La “loi européenne sur les matières premières critiques” telle que proposée établit entre autres une nouvelle liste de matières premières “stratégiques”, qui doivent être la priorité de l’UE. On y retrouve 15 éléments ou groupes d’éléments, dont le nickel, le manganèse, le graphite naturel et le lithium “de qualité batterie”. Mais aussi cuivre, cobalt, bismuth, les métaux du groupe du platine (rhodium, par exemple), ou encore le titane.
Pour intégrer des éléments sur la liste, la Commission propose une méthode de calcul qui tient compte de l’importance de la matière en question pour des applications technologiques nécessaires à la double transition ou aux secteurs spatial ou de défense, les attentes en termes de demande, la production et les réserves actuelles et la difficulté relative d’augmenter cette production.
La Commission établit comme objectif que “d’ici 2030”, l’Union ne puisse, pour aucune matière stratégique, être dépendante d’un seul pays tiers à plus de 65%. Et ceci peu importe le stade de traitement de la matière.

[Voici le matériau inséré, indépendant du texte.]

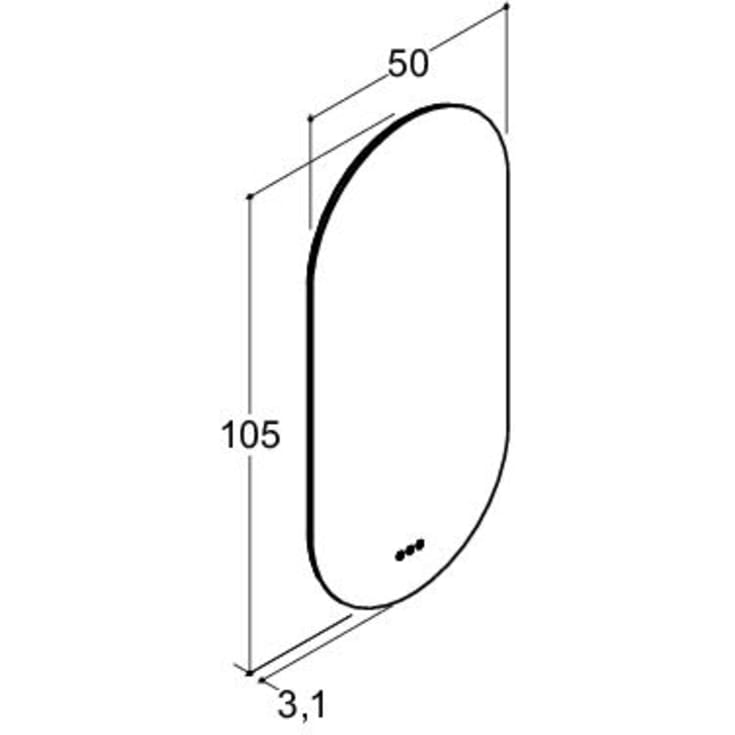 Dansani Corona spejl med lys, dæmpbar, touch, 105x50 cm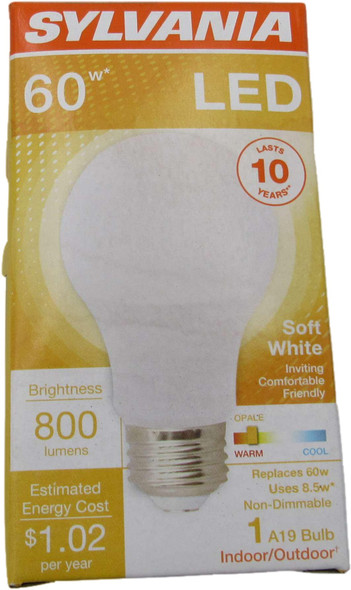 Sylvania LED8.5A19/F/827/10YV/RP LED Bulbs Light Bulb 120V 8.5W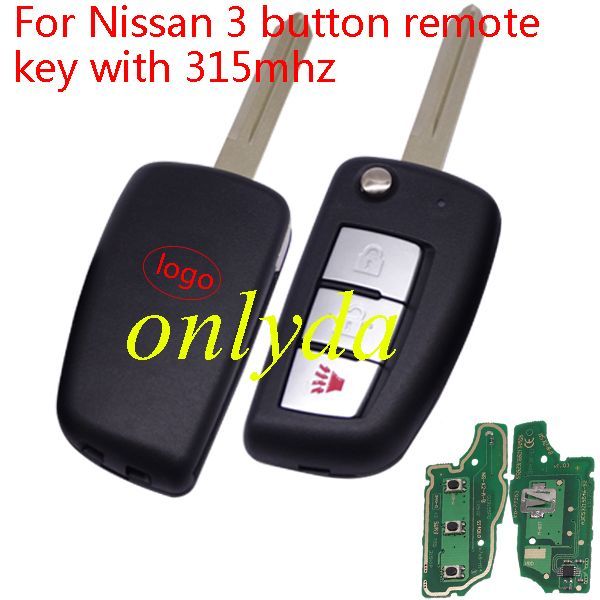 For Nissan 3B  remote key 315mhz electronic ware model FCCID is KBRASTU15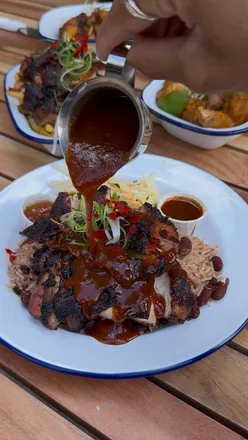 Delicious jerk chicken and crispy chicken tenders from Prince of Peckham, a must-try Caribbean food spot in London.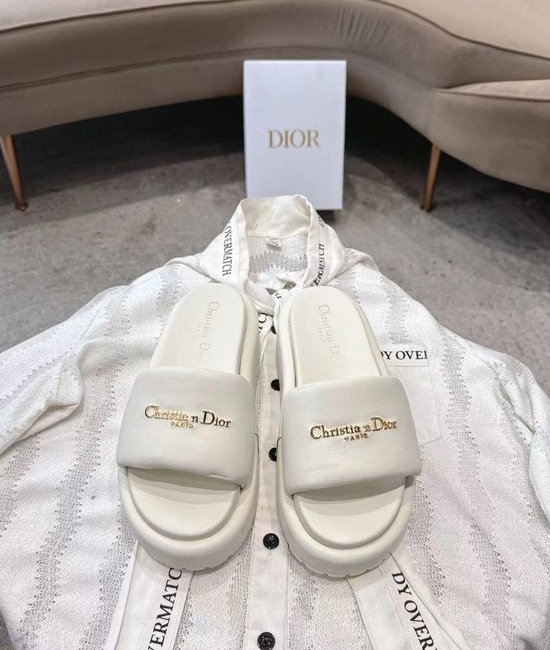 Christian Dior CD Genuine Leather Strap Slide Sandals with Decorative Buckle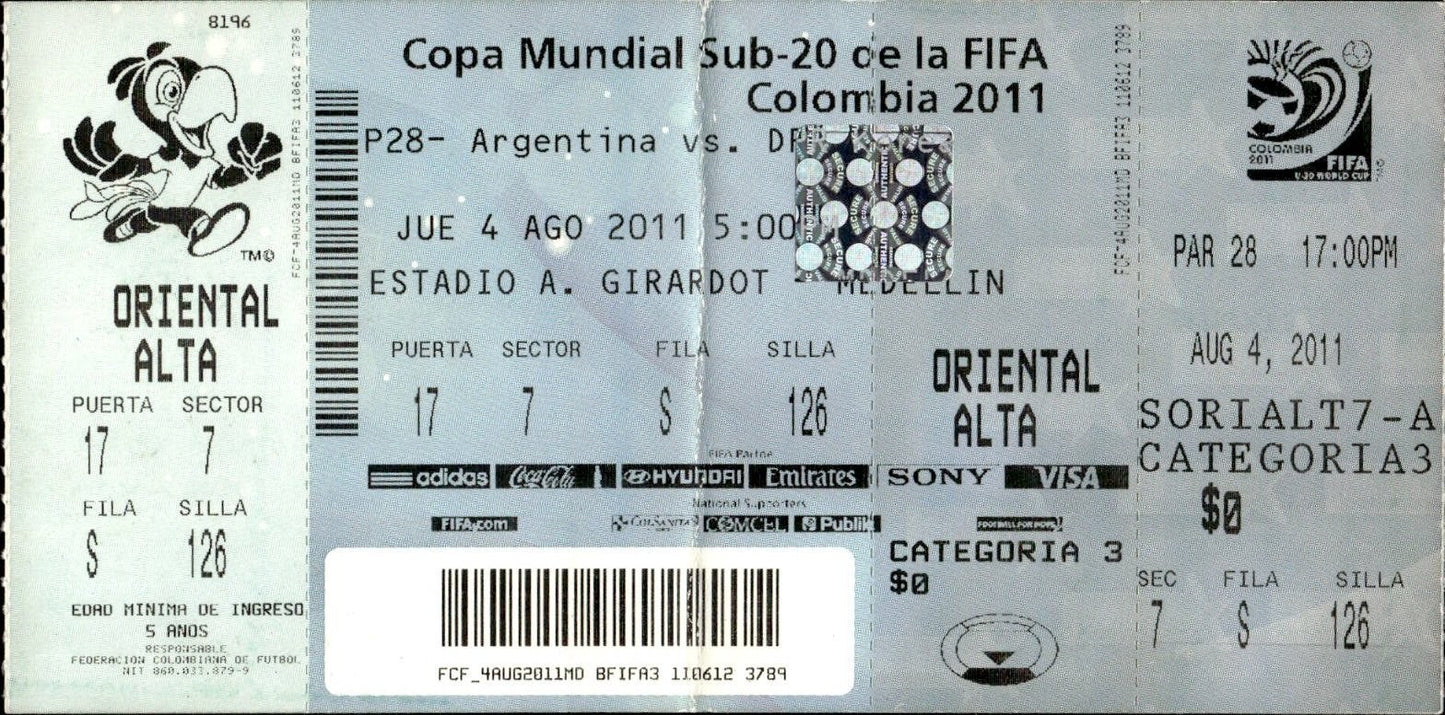 biglietto stadio COPA MUNDIAL FIFA COLOMBIA 2011 4 AGOSTO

Exception possible: les pays avec lesquels l’UE aurait conclu un “partenariat stratégique” garantissant un approvisionnement fiable.
L’Europe sait qu’elle continuera à dépendre majoritairement des importations, qu’elle veut donc diversifier, mais elle compte aussi en faire davantage sur son propre sol: extraction, raffinage et traitement, mais aussi recyclage doivent être facilités.
La Commission propose un cadre pour identifier des “projets stratégiques” sur sol européen, qui seraient éligibles pour des procédures de permis accélérées (maximum un an pour traitement et recyclage, deux ans pour l’extraction) et pour un soutien dans la recherche de financements. L’Union devrait, à l’horizon 2030, extraire elle-même “10% de sa consommation de matières premières stratégiques”, en traiter/raffiner au moins 40%, tandis qu’au moins 15% devrait provenir du recyclage sur sol européen.
Des “projets stratégiques” pourraient aussi être identifiés dans des pays tiers. L’UE mise d’ailleurs aussi bien sur des partenariats avec des “marchés émergents et économies en développement”, notamment via sa stratégie de “Global Gateway”, que sur un futur “Club des matières premières critiques” qui rassemblerait des pays “partageant les mêmes valeurs” (on sait que la Commission lorgne par exemple vers le Canada).